Plus concrètement, les mobilisations ont contraint le gouvernement dans l’avancement de ses projets. La première conséquence des mobilisations est le report du jeudi 25 au mardi 30 janvier du traitement de la Loi Omnibus à la Chambre des Députés. Le gouvernement se trouve pour l’instant en difficulté pour réunir une majorité pour faire passer la loi. Il est clair que cela complique l’offensive du gouvernement qui est pressé de faire passer cette loi avant que sa popularité (et donc sa marge de manœuvre) ne soit sérieusement affectée.
Deuxièmement, immédiatement après la mobilisation, la Justice Fédérale a déclaré la nullité de 6 articles du chapitre travail du DNU, parmi lesquels se trouvent : la flexibilisation des conventions collectives, l’article à propos de l’ultra-activité, l’interdiction des assemblées, la possibilité de licencier face à une action syndicale et l’interdiction des grèves dans les activités considérées comme essentielles. Si le DNU n’est pas approuvé par le Parlement, ces articles dors et déjà instaurés, en urgence par décret, seront rejetés.
Troisièmement, l’augmentation du prix des transports publics dans l’Aire Métropolitaine de Buenos Aires (AMBA), prévue pour les premiers jours de février a été suspendue par mesure de précaution, en raison des irrégularités.
Bien qu’aucune de ces mesures ne renversent l’offensive du gouvernement, elles sont des signes qui montrent que la mobilisation ouvrière et populaire peut sérieusement la fragiliser, la freiner ou la contraindre.
Milei est déterminé à mettre en œuvre son projet, qui est une sorte de « réforme globale » à la teneur anticonstitutionnelle. Ce projet cherche à bouleverser tous les aspects de la vie quotidienne et de la réalité sociale des millions de travailleurs et des secteurs populaires du pays. À cette fin, le président propose un « régime d’exception » aux pouvoirs arbitraires qui touche toute la société sur plusieurs fronts : économique, démocratique, social ou encore artistique et culturel.

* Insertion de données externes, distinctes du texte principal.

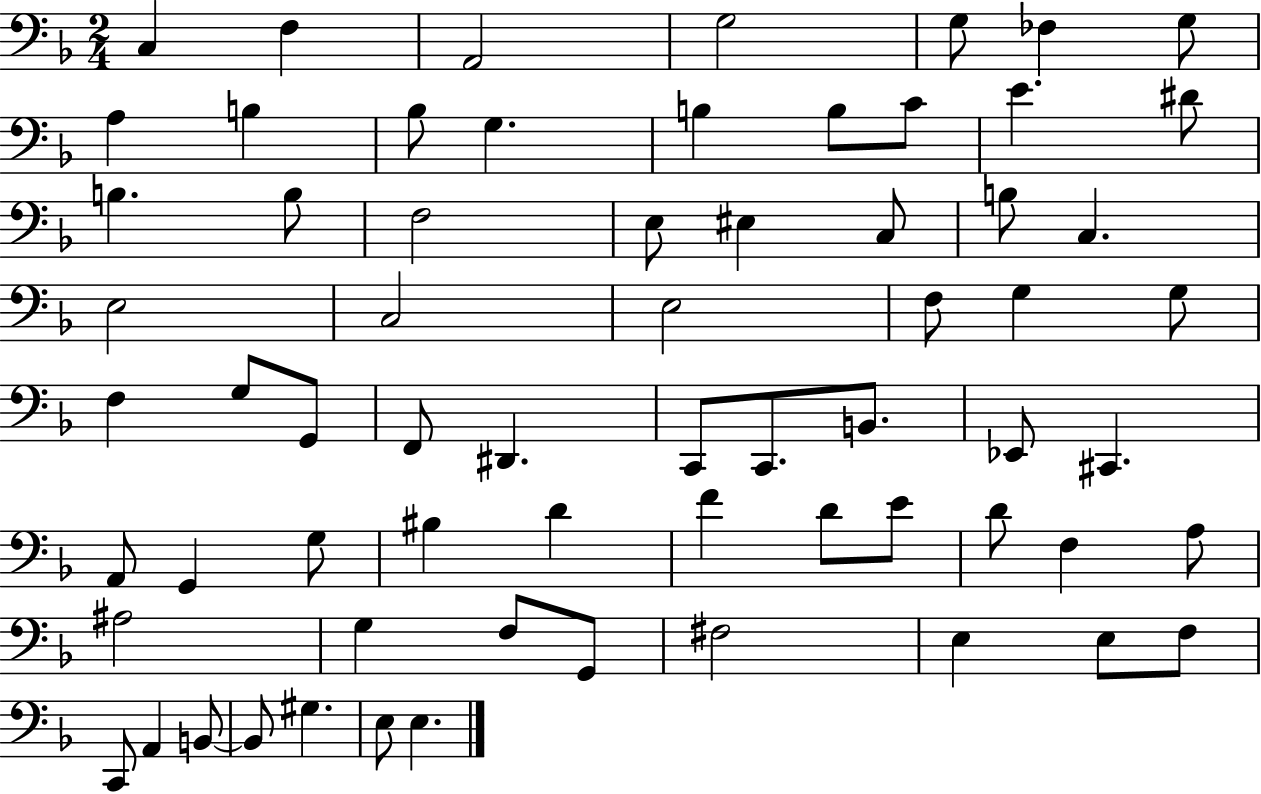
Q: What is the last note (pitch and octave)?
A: E3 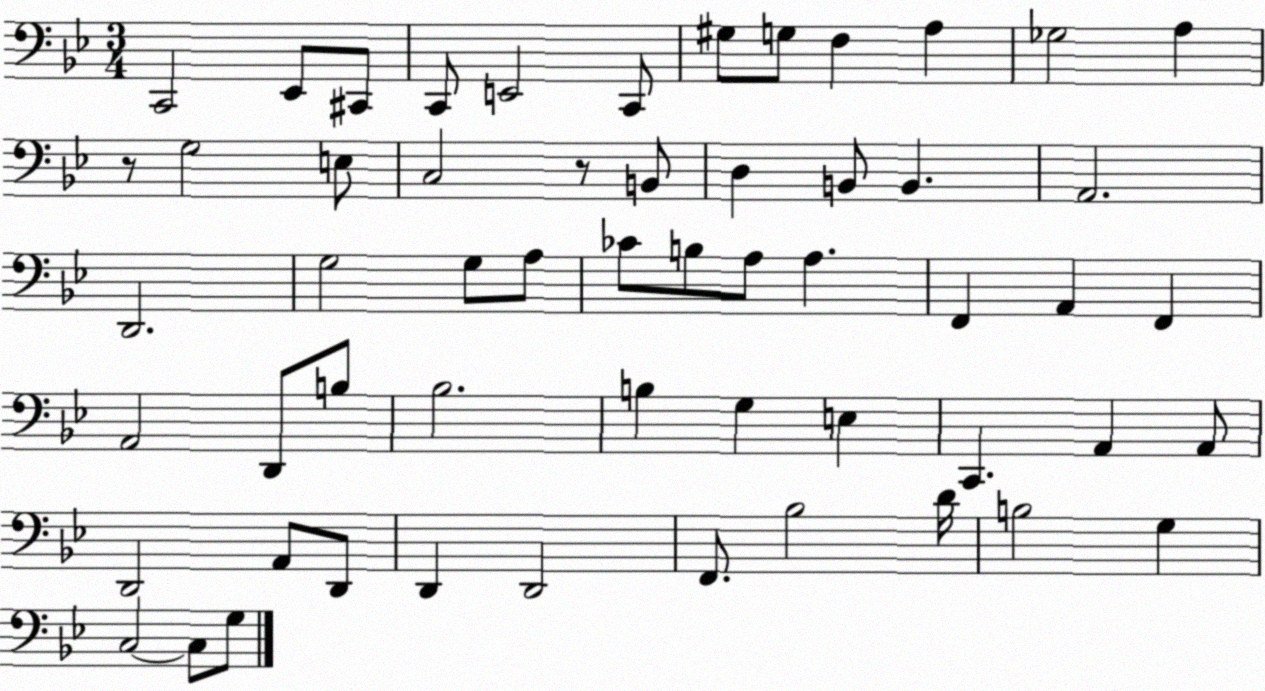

La « croisade” incarnée par Milei est soutenue par la bourgeoisie dans son ensemble, mais la journée du 24 janvier a montré que le rapport de force entre les classes sociales ne permet pas de concrétiser la volonté du gouvernement Milei. Les travailleurs argentins sont prêts et déterminés à lutter pour leurs droits sociaux et démocratiques. Dans ce décalage entre les prétentions du gouvernement et le niveau de résistance des travailleurs en Argentine, la journée de grève a montré qu’il est possible de stopper le gouvernement Milei.
Les grévistes exigent un véritable plan de bataille
Le cri des grévistes dans la rue était “CGT escucha, queremos plan de lucha” (Traduction : CGT, écoute, nous voulons un plan de lutte).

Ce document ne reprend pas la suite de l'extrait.